Duke - The Fuqua School of Business

News Release

From Budgets to Bordeaux: Entrepreneur Shares Journey from Finance Professional to Vineyard Owner

Andre Mack encourages Fuqua students to commit to their passions

Andre Mack talks to MMS students at the Fuqua School of Business

Andre Mack talks to MMS students at the Fuqua School of Business

May 05, 2014

Andre Mack knows something about taking risks. He left a successful job at Citicorp Investment Services to follow his passion for wine. At 30, he was the first African American awarded the title of Best Young Sommelier in America. But he wasn't content to just serve wine. He wanted to make it. And so, in 2007, his own label, Mouton Noir, came to life. In the first year, Mack produced 378 cases. In 2012, he was up to almost 20,000 cases serving 17 markets.

Mack spoke recently to Fuqua School of Business Master of Management Studies students and explains more about his journey in a Fuqua Q and A.

What advice would you give people about finding and pursuing their true passion?

I think everybody knows what it is. Everybody at this moment knows exactly what they'd much rather be doing, or what they'd love to do. I went about it the wrong way. I did it for money. I said, "I'll go into finance because I can make money and I'll be happy." I think what happens is you get there, and you start to figure out, "Wow, this is not what I thought it was." So you aren't happy. So the idea of being able to make money just kind of disappeared. I feel like if you do what you love, you can make money. Don't do something because you want to make money.

Pursuing your passion is a big risk. How do you minimize that?

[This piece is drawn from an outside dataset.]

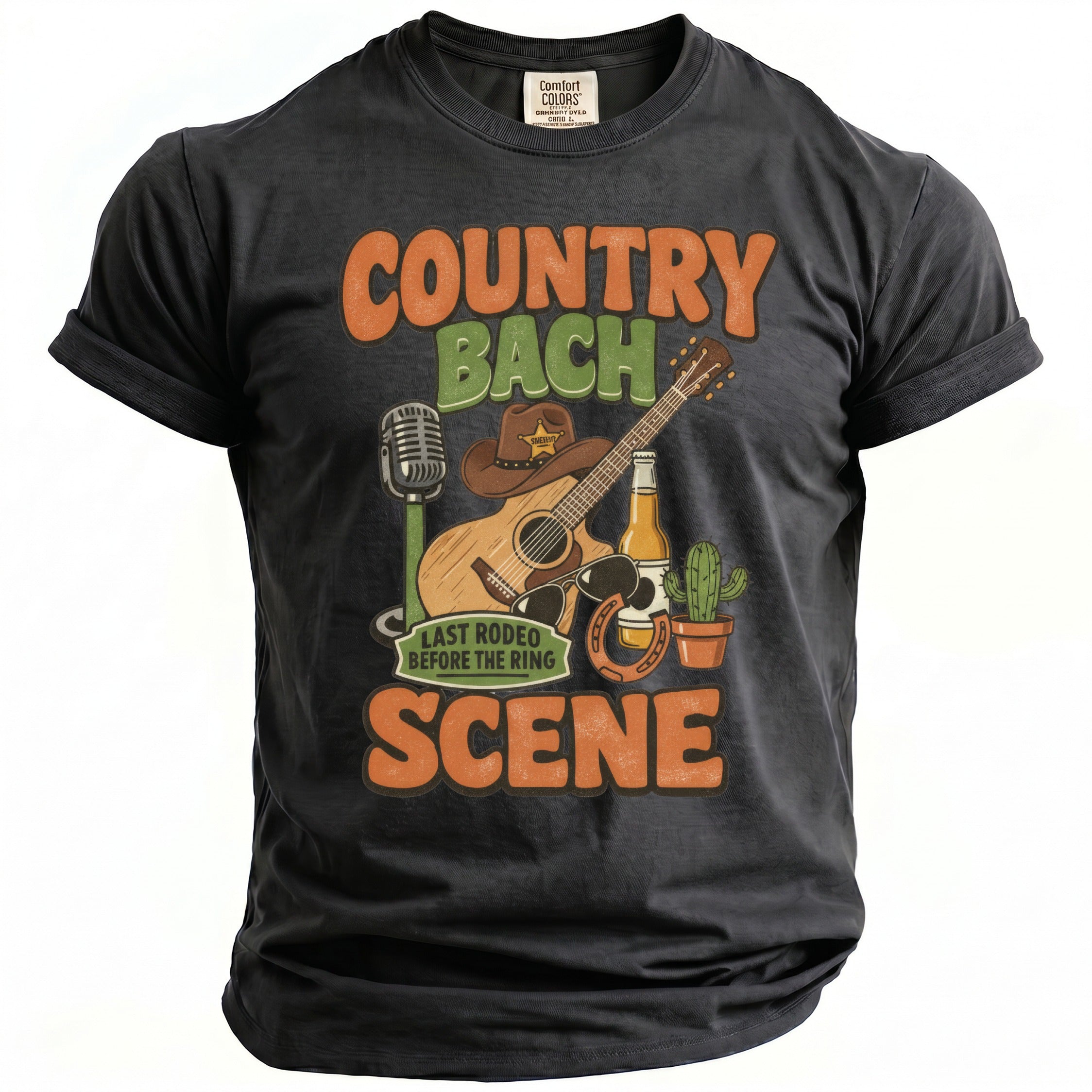Country Bach Scene graphic with guitar, microphone, cowboy hat, beer, and cactus.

You just have to be smart about it. I didn't say, "You know what? I hate this. I want to do something else so I'm just going to quit." You still have to be practical, and at that time I didn't have a family, so it was a little easier for me.

For me, I utilize the hours between 10 p.m. and 4 in the morning. And I'm a freak like that. You have to be willing to give that commitment. I think a lot of people aren't. They say that they are but they're not. My biggest thing is to get started. Do it. Don't talk about it. Do it. Think about it. Convince yourself and do it.

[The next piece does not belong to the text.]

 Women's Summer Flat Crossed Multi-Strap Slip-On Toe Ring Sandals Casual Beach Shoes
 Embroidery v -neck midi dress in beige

How can people develop the courage necessary to take these risks?

At some point you have to not care what people think. You have to be courageous and step outside of yourself to be great. And I don't think greatness is this elusive thing that most people can't attain. I think greatness is in everybody. It's just about rising to the occasion and being prepared. I do believe in luck. But I believe you create your own luck. And how do you do that? You do that by being prepared. So that when those opportunities do come, you can take advantage of them.

How do you cultivate the leadership skills necessary to achieve your dream?

I think there is what we call natural born leaders. Those are people we would associate with having talent versus people who have skills. But skill and talent, to me it's almost the same thing. Talent is something you're born with and skill is something you acquire through hard work. So just because you're not a natural born leader doesn't mean you can't become a natural born leader. Those are things that you have to constantly work at.

People settle for mediocrity. You really only live once. So you've convinced yourself that the life you're living is good enough for you. And maybe it is. But there are other things that you aspire to do and want to do and you should make those things happen.

You stress that it's important for a business to give back. Why?

I feel like if you're not giving back, then what's the point? I was in finance. I was making good money, but every day I hated going to work. I wasn't being fulfilled. You're not doing anything with your time on this earth if you're not giving back and helping other people.